Tajemnica spowiedzi polega na nieujawnianiu niczego z tego, czego spowiednik dowiedział się w czasie sakramentu. Naruszenie jej może pociągać za sobą różne kary - m.in. ekskomunikę. Jednak nie wszyscy duchowni podchodzą do sprawy tak poważnie. Przypomina o tym historia z Jaworzna, która niedawno została nagłośniona w ogólnopolskich mediach.

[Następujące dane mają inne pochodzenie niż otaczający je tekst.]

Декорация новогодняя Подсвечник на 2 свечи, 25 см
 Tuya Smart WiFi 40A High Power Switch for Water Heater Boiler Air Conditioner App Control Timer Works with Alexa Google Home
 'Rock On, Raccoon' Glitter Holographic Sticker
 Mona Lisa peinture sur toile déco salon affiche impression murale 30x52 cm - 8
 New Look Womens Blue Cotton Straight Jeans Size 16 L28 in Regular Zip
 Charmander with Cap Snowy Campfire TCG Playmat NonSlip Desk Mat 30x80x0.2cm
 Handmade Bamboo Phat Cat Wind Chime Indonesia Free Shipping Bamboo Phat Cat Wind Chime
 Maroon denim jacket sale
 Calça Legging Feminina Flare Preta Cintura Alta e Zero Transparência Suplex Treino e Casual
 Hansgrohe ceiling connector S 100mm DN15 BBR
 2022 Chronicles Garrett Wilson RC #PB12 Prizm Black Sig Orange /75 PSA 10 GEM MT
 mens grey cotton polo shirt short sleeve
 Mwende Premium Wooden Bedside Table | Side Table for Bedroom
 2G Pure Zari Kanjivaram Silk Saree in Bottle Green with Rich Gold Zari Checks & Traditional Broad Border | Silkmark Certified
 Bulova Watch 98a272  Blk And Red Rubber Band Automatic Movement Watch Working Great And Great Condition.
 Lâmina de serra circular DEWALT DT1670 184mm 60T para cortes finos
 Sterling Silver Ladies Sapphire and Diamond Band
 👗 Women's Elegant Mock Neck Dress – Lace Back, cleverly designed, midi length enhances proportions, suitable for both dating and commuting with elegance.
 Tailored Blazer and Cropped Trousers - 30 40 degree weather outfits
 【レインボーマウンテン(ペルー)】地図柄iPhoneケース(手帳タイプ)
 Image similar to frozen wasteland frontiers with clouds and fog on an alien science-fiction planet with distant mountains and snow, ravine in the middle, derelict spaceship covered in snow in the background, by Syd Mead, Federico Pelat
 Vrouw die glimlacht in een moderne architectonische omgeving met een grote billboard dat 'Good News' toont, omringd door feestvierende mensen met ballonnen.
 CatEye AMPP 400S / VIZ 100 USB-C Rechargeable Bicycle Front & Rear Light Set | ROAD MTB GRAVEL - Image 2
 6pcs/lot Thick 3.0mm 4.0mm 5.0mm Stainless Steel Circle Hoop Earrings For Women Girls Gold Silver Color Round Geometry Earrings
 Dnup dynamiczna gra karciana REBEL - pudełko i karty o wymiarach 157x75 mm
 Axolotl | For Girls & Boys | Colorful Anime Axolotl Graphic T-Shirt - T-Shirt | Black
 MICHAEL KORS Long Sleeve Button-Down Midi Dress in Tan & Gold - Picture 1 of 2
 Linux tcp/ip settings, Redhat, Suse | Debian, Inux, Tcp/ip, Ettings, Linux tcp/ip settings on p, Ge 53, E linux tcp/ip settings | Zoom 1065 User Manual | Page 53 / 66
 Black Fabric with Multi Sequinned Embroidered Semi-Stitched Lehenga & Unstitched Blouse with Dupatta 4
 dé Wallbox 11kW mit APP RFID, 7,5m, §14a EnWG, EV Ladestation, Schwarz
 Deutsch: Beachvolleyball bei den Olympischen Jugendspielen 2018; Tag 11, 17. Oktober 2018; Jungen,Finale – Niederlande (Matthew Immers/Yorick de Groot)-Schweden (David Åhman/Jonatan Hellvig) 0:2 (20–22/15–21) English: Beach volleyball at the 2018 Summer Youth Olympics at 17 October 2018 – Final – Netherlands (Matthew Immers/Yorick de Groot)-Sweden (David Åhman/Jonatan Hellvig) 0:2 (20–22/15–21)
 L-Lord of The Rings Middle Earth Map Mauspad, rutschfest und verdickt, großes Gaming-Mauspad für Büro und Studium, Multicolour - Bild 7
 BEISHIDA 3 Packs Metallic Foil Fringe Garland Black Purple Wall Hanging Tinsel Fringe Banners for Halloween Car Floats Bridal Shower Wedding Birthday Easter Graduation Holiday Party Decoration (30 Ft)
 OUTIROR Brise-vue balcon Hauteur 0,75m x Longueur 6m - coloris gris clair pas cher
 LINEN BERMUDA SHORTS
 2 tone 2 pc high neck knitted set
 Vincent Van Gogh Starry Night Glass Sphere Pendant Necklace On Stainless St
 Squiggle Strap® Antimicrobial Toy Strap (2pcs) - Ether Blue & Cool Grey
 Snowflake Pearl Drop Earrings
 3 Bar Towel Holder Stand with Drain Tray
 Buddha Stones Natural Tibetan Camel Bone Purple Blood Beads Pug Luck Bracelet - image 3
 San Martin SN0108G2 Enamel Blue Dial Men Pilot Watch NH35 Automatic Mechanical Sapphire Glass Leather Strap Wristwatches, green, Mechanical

Jak poinformował "Super Express", w zakrystii jednego z kościołów w Jaworznie znajdowała się m.in. ukryta kamera. A właśnie w tym pomieszczeniu spowiadali się niektórzy wierni - na przykład osoby niedosłyszące. Jednak jak wynika z relacji księży, nie była to jedyna grupa, która przystępowała do sakramentu w tym miejscu.
W świątyni znajdują się kamery monitoringu, o czym informuje tabliczkach na drzwiach. Jednak wiele osób spowiadających się w zakrystii mogło nie mieć świadomości, że kamera została zamontowana także w tym pomieszczeniu.
Duchowni są oburzeni faktem, że sakrament mógł być nagrywany. Co ważne, zgodnie z prawem kościelnym, rejestrowanie spowiedzi jest przestępstwem. Wikariusze podejrzewają, że kamerę mógł zamontować proboszcz parafii. O swoich przypuszczeniach najpierw poinformowali kurię i policję. Dlatego też zaczęto podejrzewać, że może być to próba usunięcia przełożonego ze stanowiska.
Jak w ogóle księża wpadli na ten trop? Jeden z nich nabył czujnik do wykrywania podsłuchów. Gdy użył go w zakrystii, zauważył świecący punkcik. - Zostało nam zasugerowane przez kościelnego, że tutaj może znajdować się jakieś urządzenie. Ta sugestia pojawiła się zupełnie przypadkowo - zdradził anonimowo wikariusz.
Obecnie sprawę bada policja. Proboszcz parafii, w której mogły być nagrywane osoby spowiadające się, na razie nie wypowiedział się na ten temat.